Liputan6.com, Jakarta- F (15) berdiri canggung saat gurunya menyuruh membaca jam analog di depan kelas. Matanya memandangi jarum panjang dan pendek yang berputar perlahan. Wajahnya memerah. Lalu dia tersenyum kaku.

“Nggak paham, Bu,” katanya lirih.

Cerita itu disampaikan F kepada Liputan6.com, mengenang momen yang membuatnya malu beberapa pekan lalu. F adalah siswa sekolah negeri di Bogor, Jawa Barat.

F tumbuh dalam era digital. Sejak kecil, dia mengenal waktu lewat layar digital, jam tangan modern dan layar ponsel. Semua serba angka. Tak perlu menghitung.

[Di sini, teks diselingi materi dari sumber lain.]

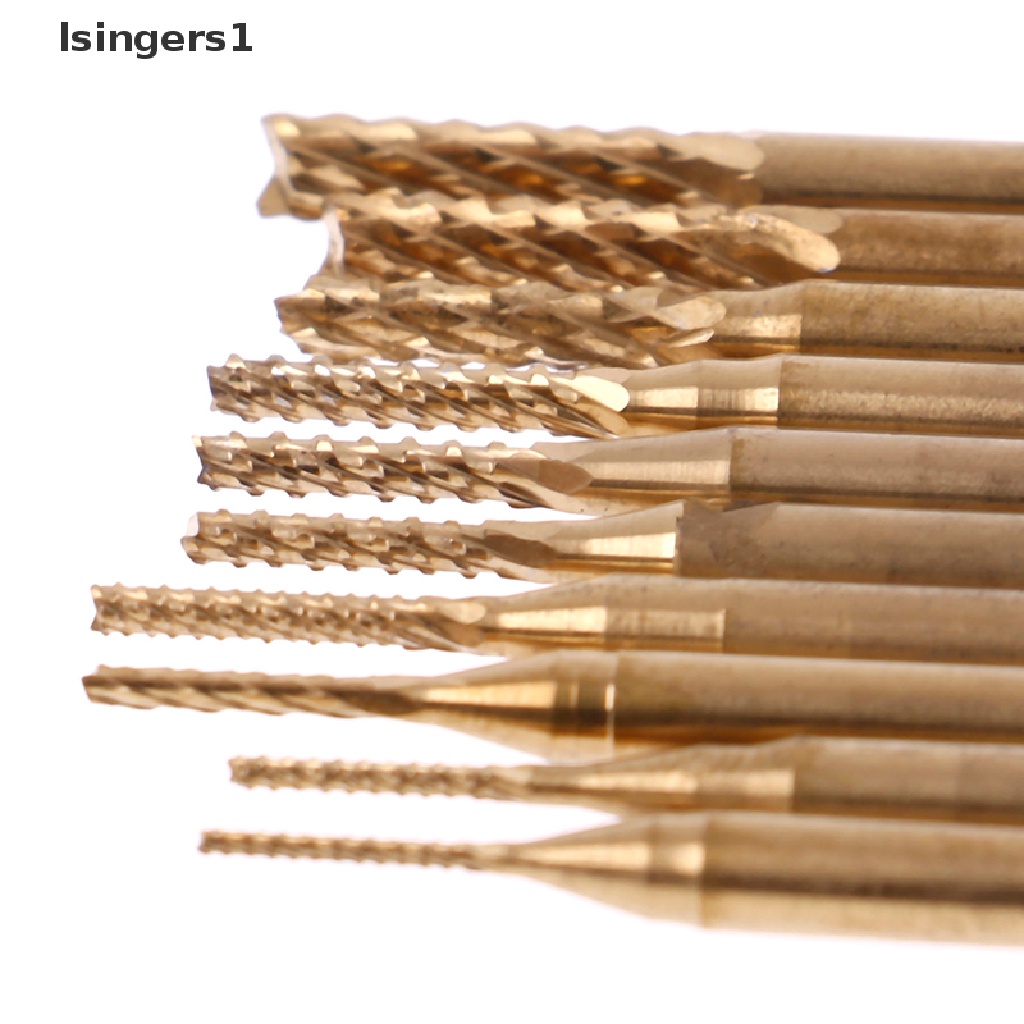 (lsingers1) 10pcs / Set Mata Bor PCB CNC 1 / 8 &quot;0.8-3.175mm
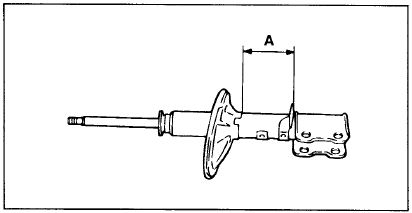 1. Выдвиньте шток амортизатора до упора.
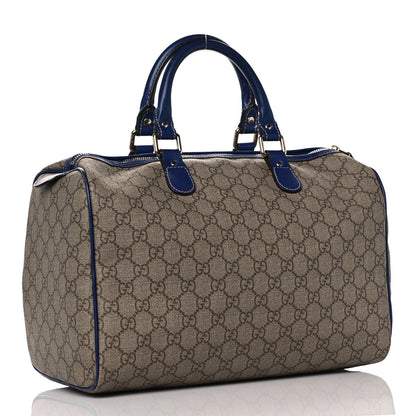 Gucci GG Plus Monogram Medium Boston USA Flag Unicef Duffle Blue 3 of 18
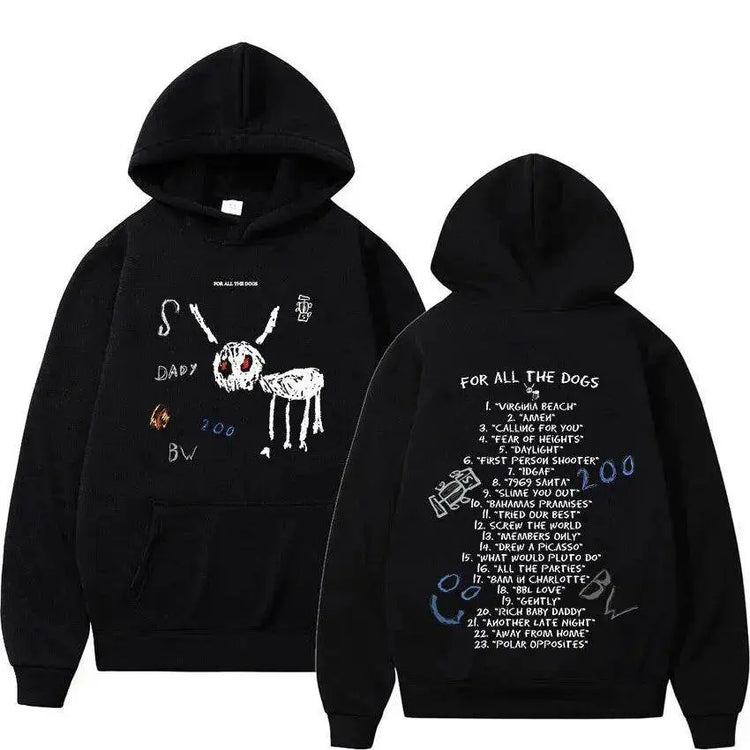 FATD Letter Drop Hoodie - pluto essentials 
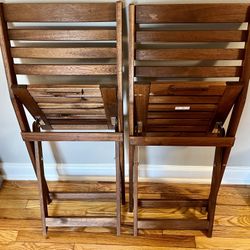 IKEA Foldable Wood Chair 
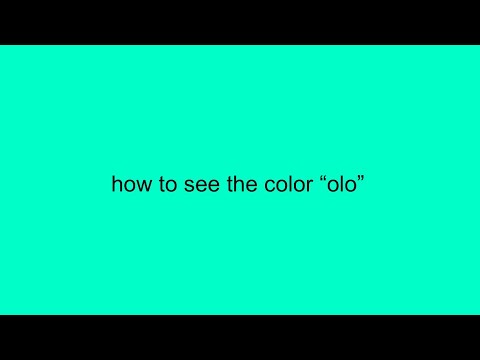 how to see the color "olo"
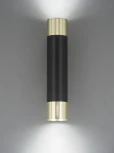 Настенный светильник Lumina Deco LDW 1101-2 BK+GD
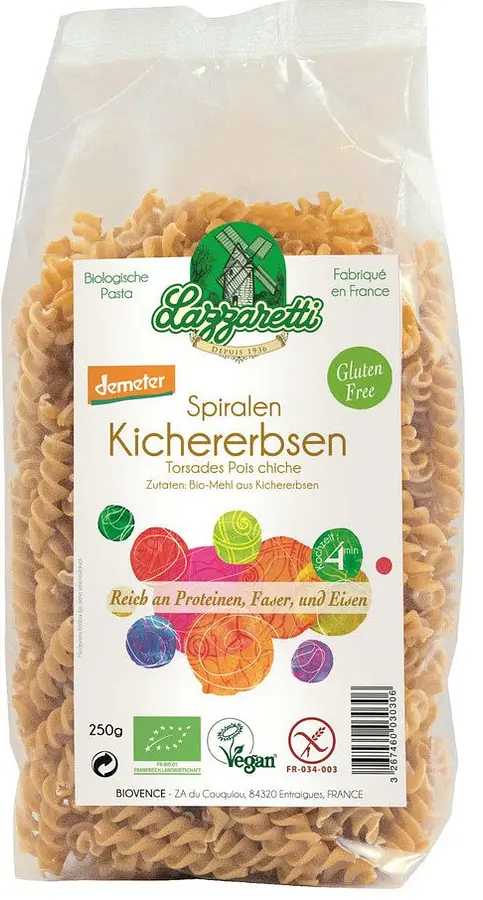 Lazzaretti  Chickpea Pasta Demeter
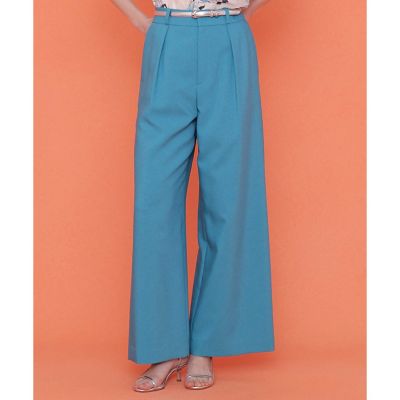 美品 AKRIS カジュアル パンツ ターコイズブルー 海水浴 美品 AKRIS カジュアル パンツ ターコイズブルー 海水浴 美品 AKRIS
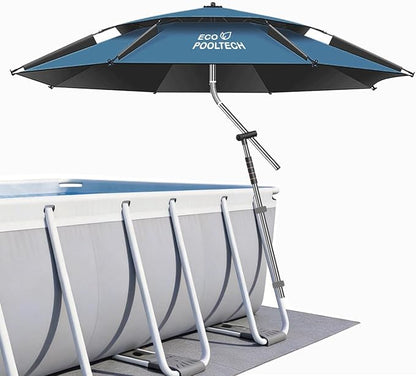 ECOPOOLTECH 7' Above Ground Pool Umbrellas, Outdoor Pool Sunshade for Oval or Rectangular Swimming Pools, Multi-functional Patio Umbrella for Garden/Pool Deck/Backyard, Must have Pool Accessories
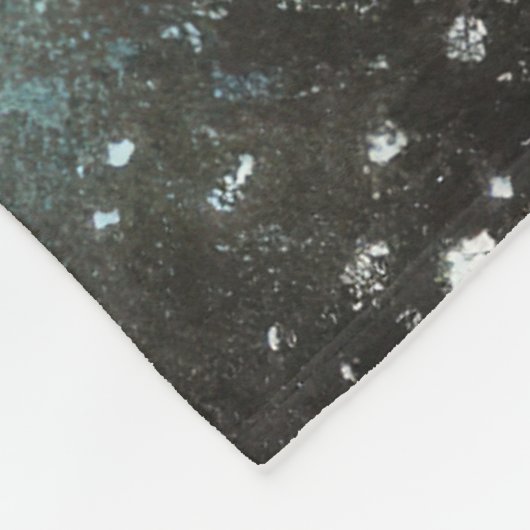 Hard Pastel Zeichnend Wolf Howling Fleecedecke (Ecke)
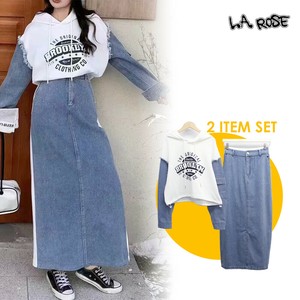 T-shirt Long Skirt Cropped Switching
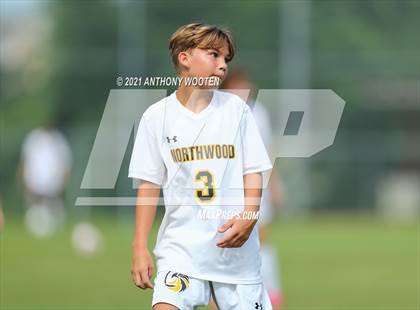 Thumbnail 1 in Northwood Temple Academy vs  Riverside Christian Academy (BBA Soccer Jamboree) photogallery.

Di rumah, tidak ada jam dinding analog. Orang tua F pun lebih sering mengecek waktu lewat ponsel.

"Bapak ibu bisa baca jam analog sih. Tapi kami semua lebih sering lihat jam dari HP,” katanya.

F sebetulnya pernah diajari membaca jam analog saat SD, tapi pelajaran itu cepat hilang dari ingatan. Dia mengaku tak sendirian. Teman-temannya pun merasakan hal serupa.

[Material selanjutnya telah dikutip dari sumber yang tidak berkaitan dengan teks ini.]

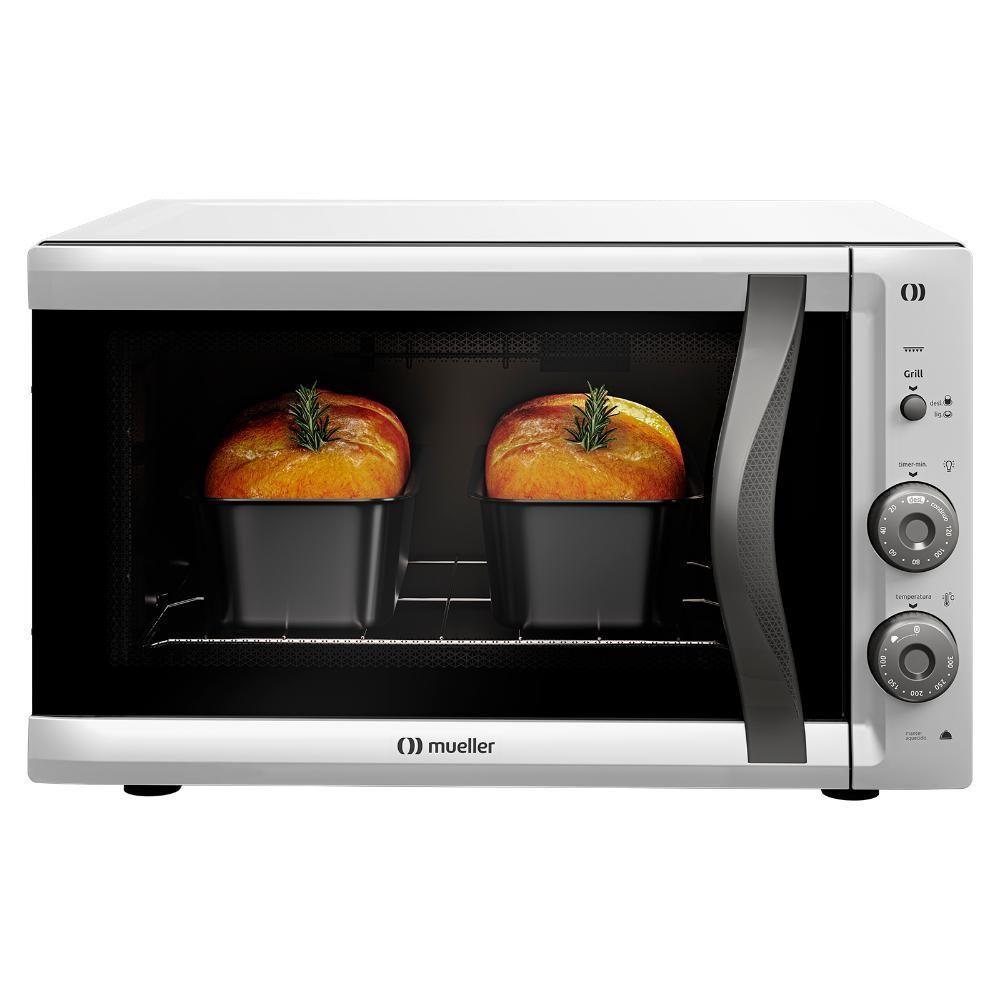 Forno Elétrico De Bancada Mueller 50 Litros E Vidro Duplo MFB50F Branco 110V - 3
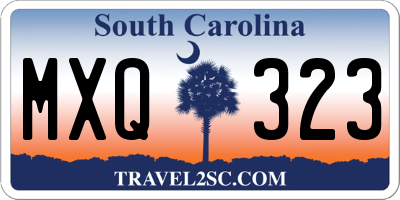 SC license plate MXQ323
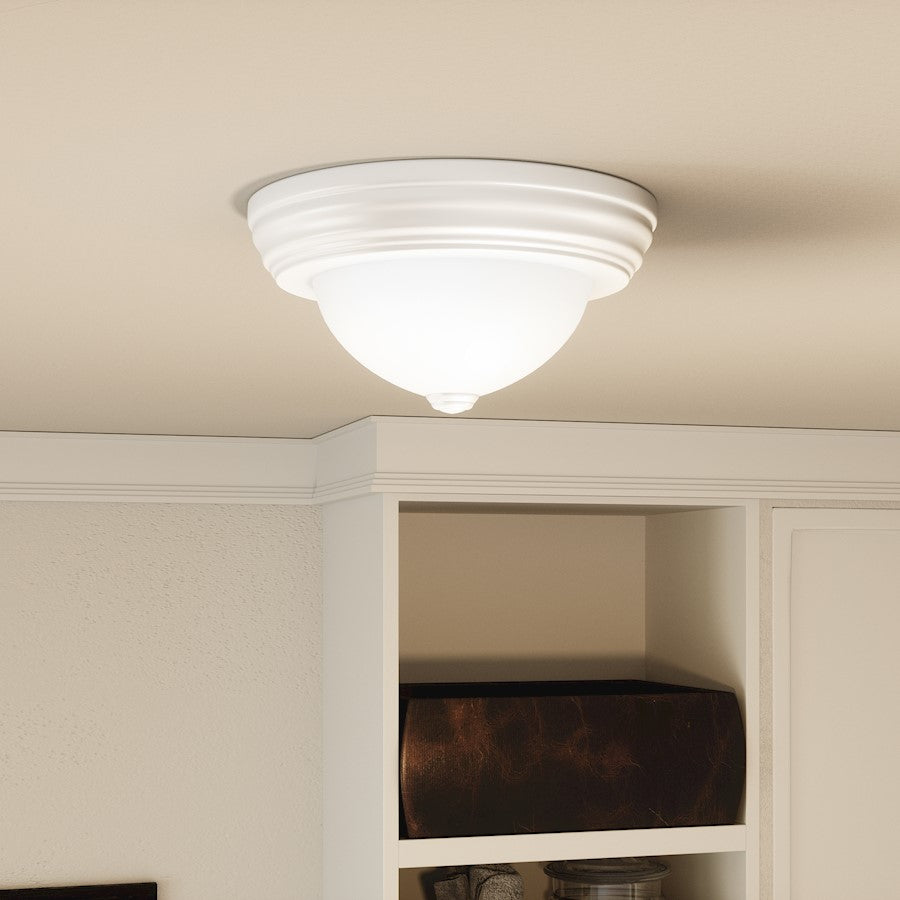 Quoizel Erwin 1 Light Flush Mount, White Lustre - ERW1611W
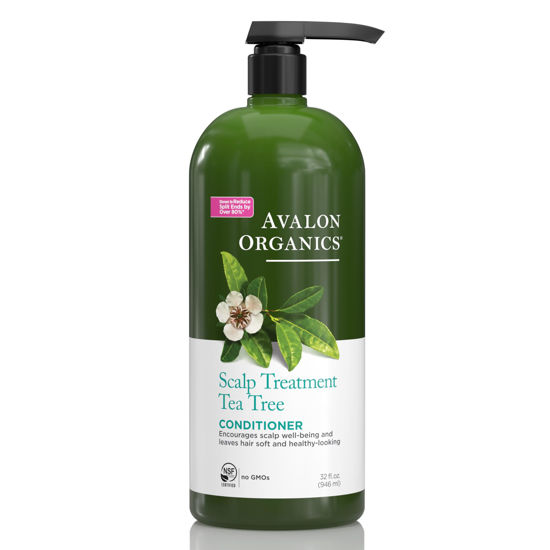 Picture of Avalon Organics Scalp Treatment Tea Tree Conditioner, Encourages Scalp Well-Being and Leaves Hair Soft, 32 Fluid Ounces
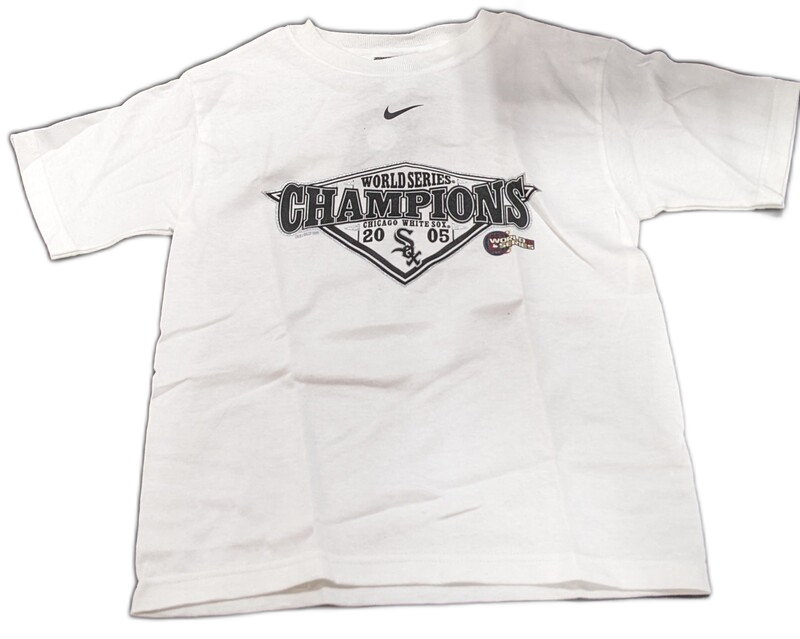 Nike Kids Chicago White Sox 2005 World Series Champions Child White T-shirt - Pro Jersey Sports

“Banyak kok yang nggak bisa. Lihat jarum jam bikin bingung. Ini jarum yang mana? Harus hitung dulu. Kalau jam digital tinggal lihat angka, selesai,” ucapnya.

Promosi 1
2 dari 4 halaman

Lihat Jarum Jam Otak Langsung Kosong

Tak hanya anak sekolah, orang dewasa pun bisa kebingungan membaca jam analog. Fitra (27), seorang karyawan swasta, adalah contohnya. Meski sudah berkeluarga, dia masih kesulitan membaca jam dengan jarum. Yang lucu, suaminya sempat mengira Fitra hanya bercanda.

"Di awal-awal nikah, suami kira saya becanda, padahal saya beneran nggak bisa," kata Fitra sambil tertawa.

Fitra sebenarnya pernah belajar membaca jam analog saat masih duduk di bangku SD. Tapi, sejak kecil dia merasa konsep jarum pendek dan jarum panjang terlalu rumit. Banyaknya angka di satu lingkaran justru membuat pikirannya kosong.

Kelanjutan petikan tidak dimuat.